Loral Space and Communications has announcedthat for the year ending December 31, 2005, it is not considered an accelerated filer as defined by the Securities and Exchange Commission (SEC). In accordance with SEC rules, a non-accelerated filer is required to file its Form 10-K within 90 days after the end of its fiscal year.
In an unrelated matter, Loral also announced that in connection with the election of Michael B. Targoff as chief executive officer of Loral effective March 1, 2006, the NASDAQ Stock Market Inc. notified Loral on March 10, 2006, that the composition of the company’s audit committee no longer complies with NASDAQ Marketplace Rule 4350.

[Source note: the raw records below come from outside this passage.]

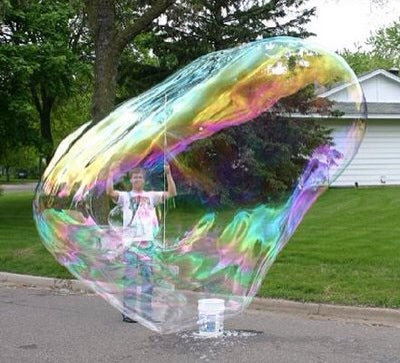 Extreme Bubbles Inc. makes bubble toys, big bubble wands, giant bubble kits and bubble solution that work better than homemade giant bubble recipes and do it yourself bubble wands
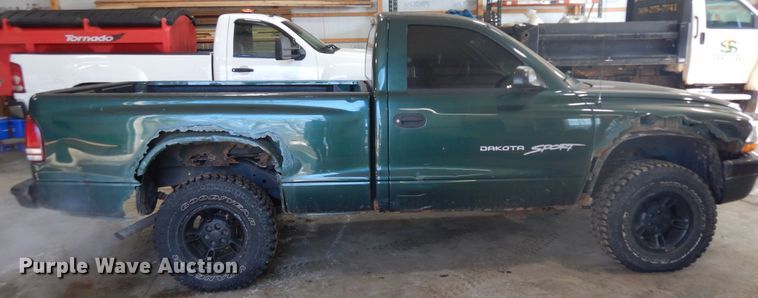 image for item H1849 2000 Dodge Dakota  pickup truck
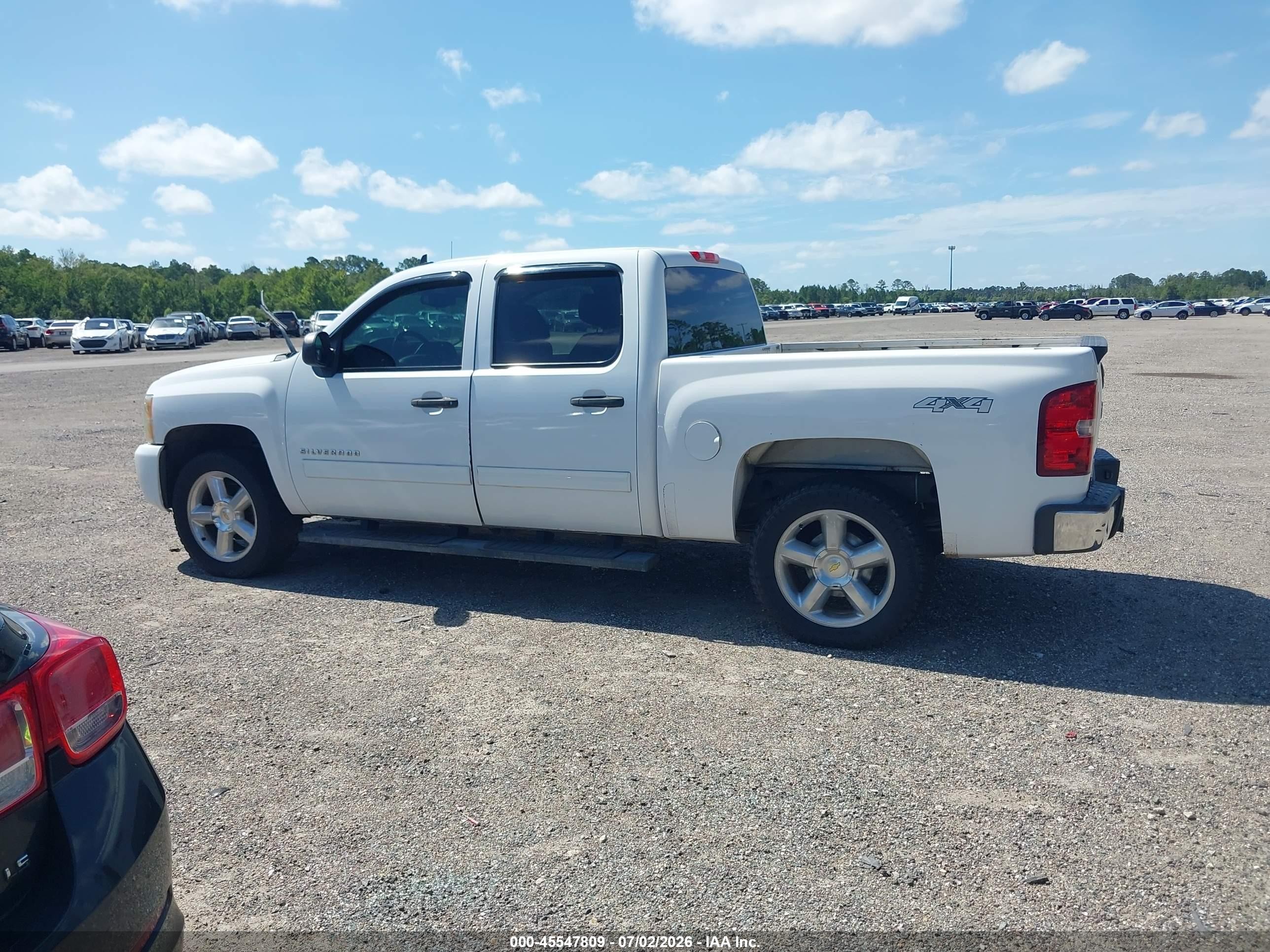 2011 Chevrolet Silverado 1500 Lt White vin: 3GCPKSE30BG145934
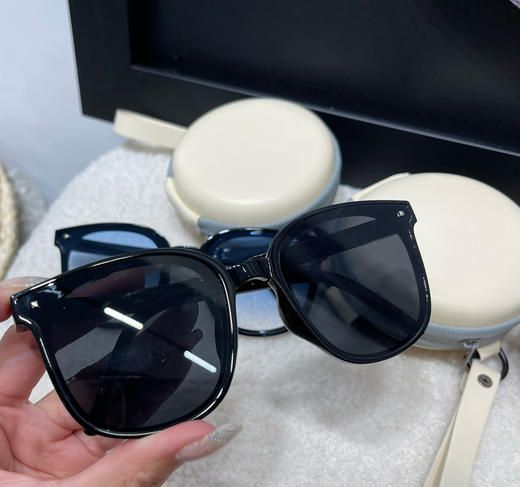 特价亏本清货，蕉下原厂代工气垫折叠墨镜，有3000付，现货供应！四个款式。 商品图6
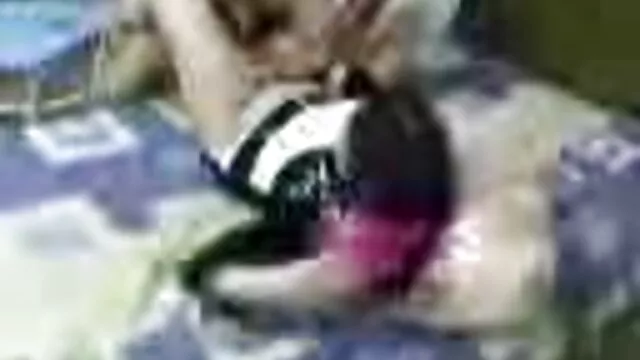 A filme pornô de mulher com cachorro masturbar-se na webcam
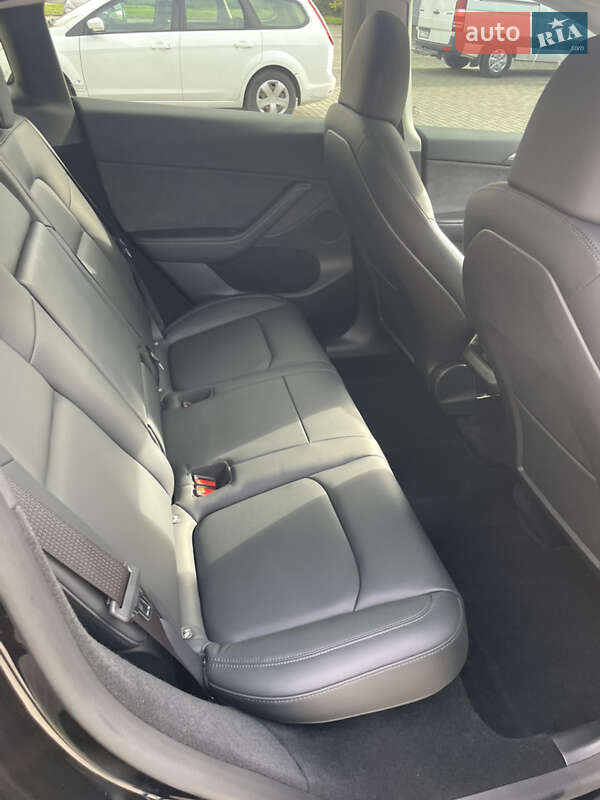 Внедорожник / Кроссовер Tesla Model Y 2022 в Ивано-Франковске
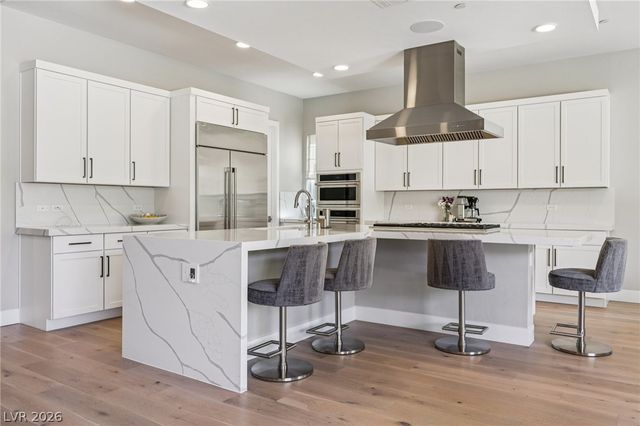 461 Vista Sunset Avenue, Las Vegas, NV 89138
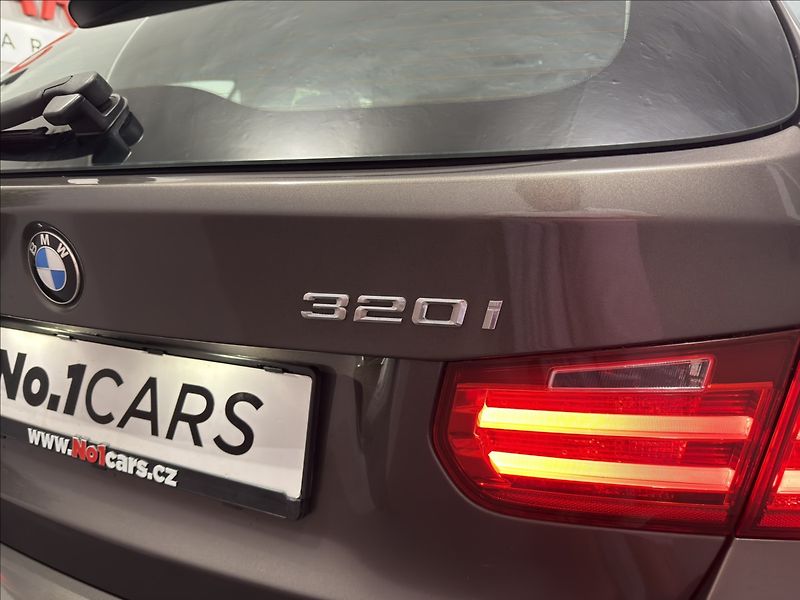 BMW Řada 3 2,0   320i 135KW BI-XEN KŮŽE T - fotka 37 z 46
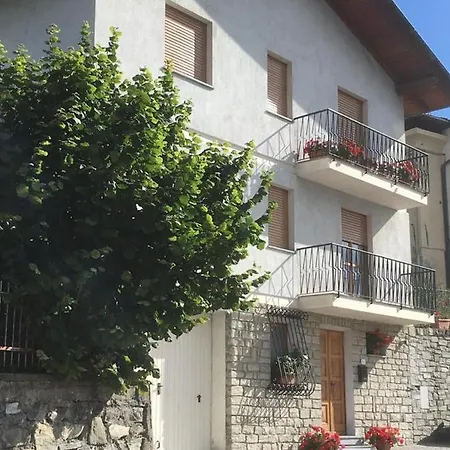 Apartament Chez Carlo Aosta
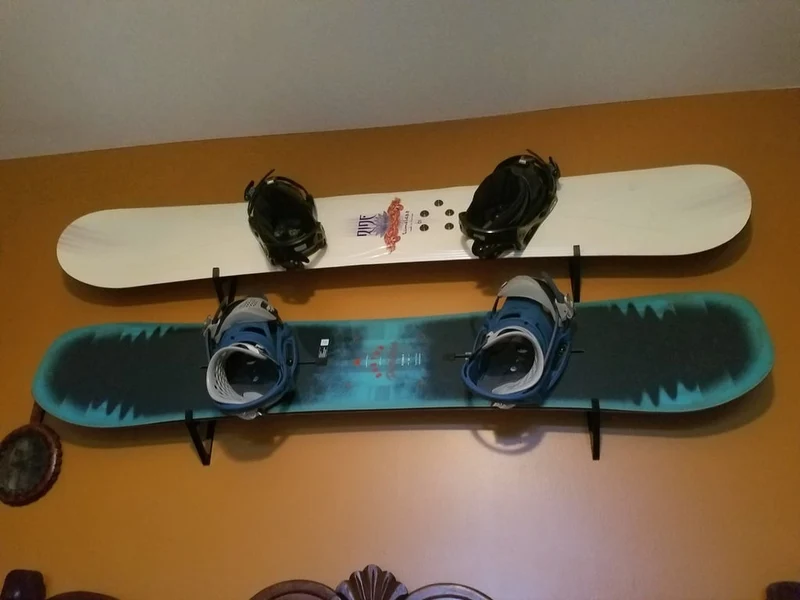 Fixation murale pour Snowboard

Marketplace Rule 4350 requires that a listed company’s audit committee be comprised of at least three independent directors. Prior to his election as CEO, Mr. Targoff was non-executive vice chairman of Loral and a member of Loral’s audit committee. As CEO, Mr. Targoff is no longer an independent board member and, accordingly, he has resigned from the audit committee.
The NASDAQ has provided Loral with a cure period until the earlier of the company’s next annual shareholder’s meeting or February 9, 2007, to regain compliance. The company is currently considering the composition of its audit committee and intends to appoint a third independent member to the committee within the specified cure period.